Skip to main content

Python module

quantization

APIs to quantize graph tensors.

This package includes a generic quantization encoding interface and some quantization encodings that conform to it, such as bfloat16 and Q4_0 encodings.

The main interface for defining a new quantized type is QuantizationEncoding.quantize(). This takes a full-precision tensor represented as float32 and quantizes it according to the encoding. The resulting quantized tensor is represented as a bytes tensor. For that reason, the QuantizationEncoding must know how to translate between the tensor shape and its corresponding quantized buffer shape.

Quantization support for MAX Graph.

BlockParameters

class max.graph.quantization.BlockParameters(elements_per_block: int, block_size: int)

block_size

block_size*: int*

elements_per_block

elements_per_block*: int*

QuantizationEncoding

class max.graph.quantization.QuantizationEncoding(value, names=None, *, module=None, qualname=None, type=None, start=1, boundary=None)

Quantization encodings supported by MAX Graph.

Q4_0

Q4_0 = 'Q4_0'

Q4_K

Q4_K = 'Q4_K'

Q5_K

Q5_K = 'Q5_K'

Q6_K

Q6_K = 'Q6_K'

block_parameters

property block_parameters*: BlockParameters*

block_size

property block_size*: int*

Number of bytes in encoded representation of block.

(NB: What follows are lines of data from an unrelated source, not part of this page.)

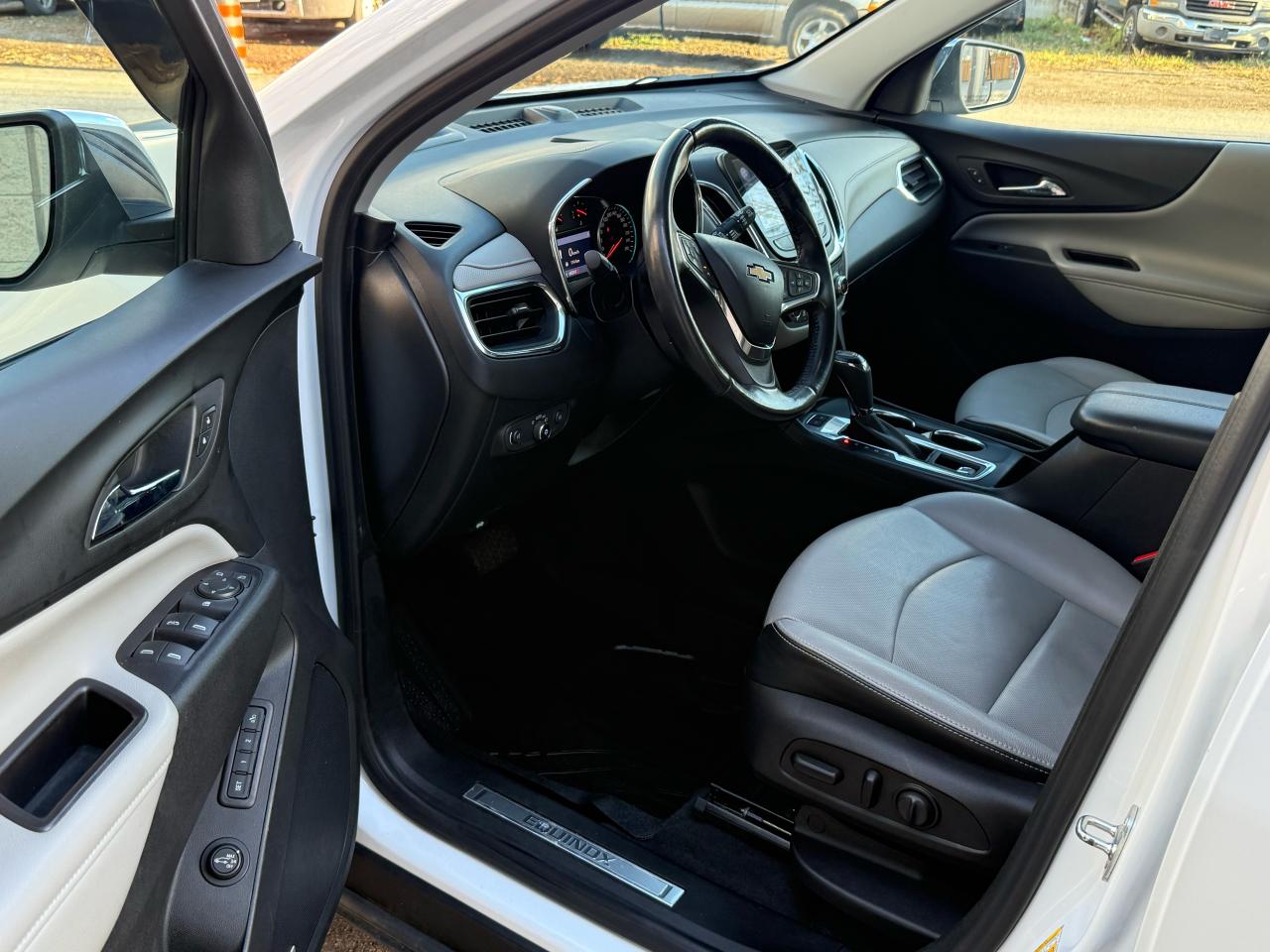 2020 Chevrolet Equinox Premier Photo4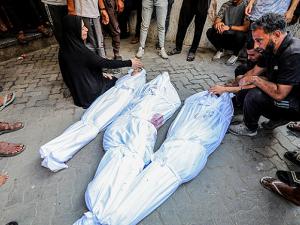 الحرب على غزة: عشرات الشهداء في أنحاء القطاع ومجزرة في سوق النصيرات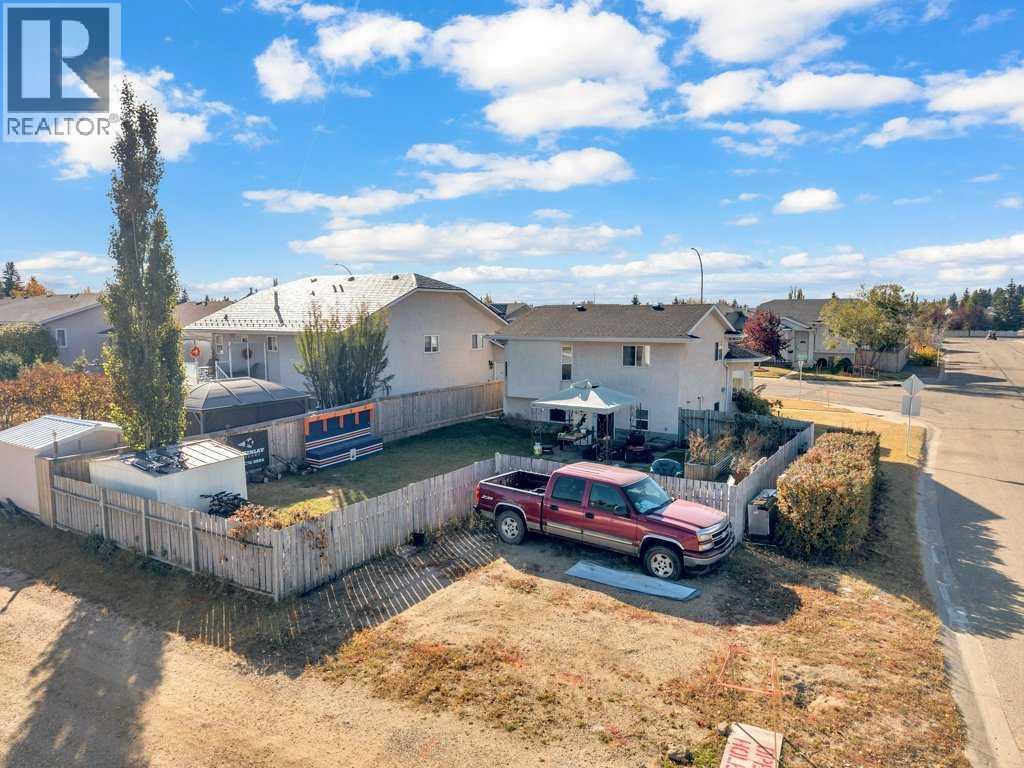 73 Lansbury Close, Lacombe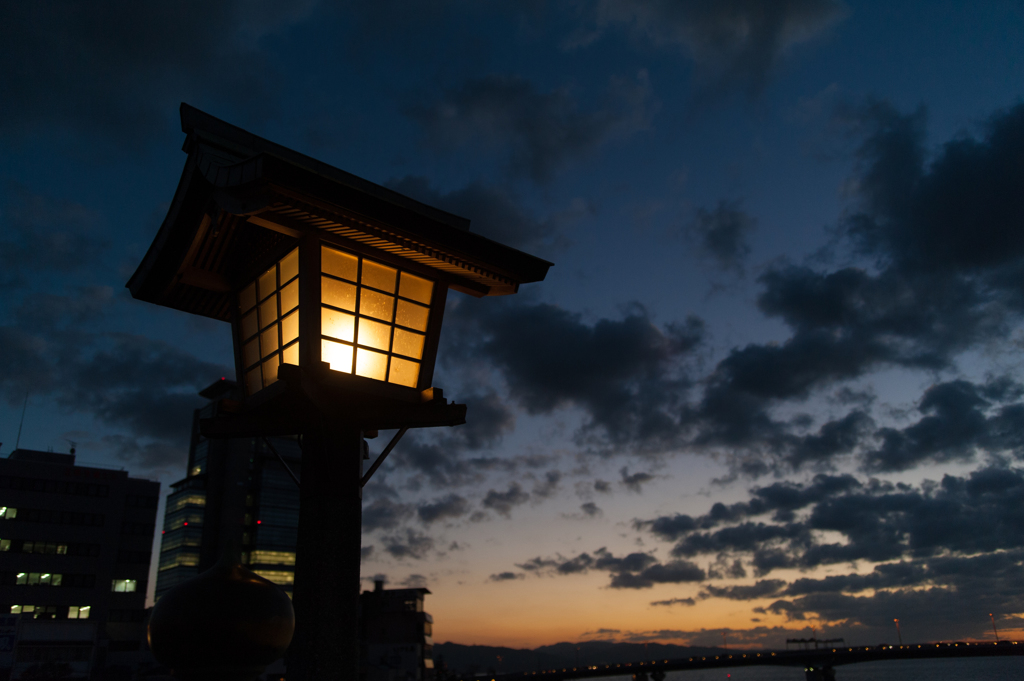 松江大橋灯ろう。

All quantization types currently supported by MAX Graph are block-based: groups of a fixed number of elements are formed, and each group is quantized together into a fixed-size output block. This value is the number of bytes resulting after encoding a single block.

elements_per_block

property elements_per_block*: int*

Number of elements per block.

All quantization types currently supported by MAX Graph are block-based: groups of a fixed number of elements are formed, and each group is quantized together into a fixed-size output block. This value is the number of elements gathered into a block.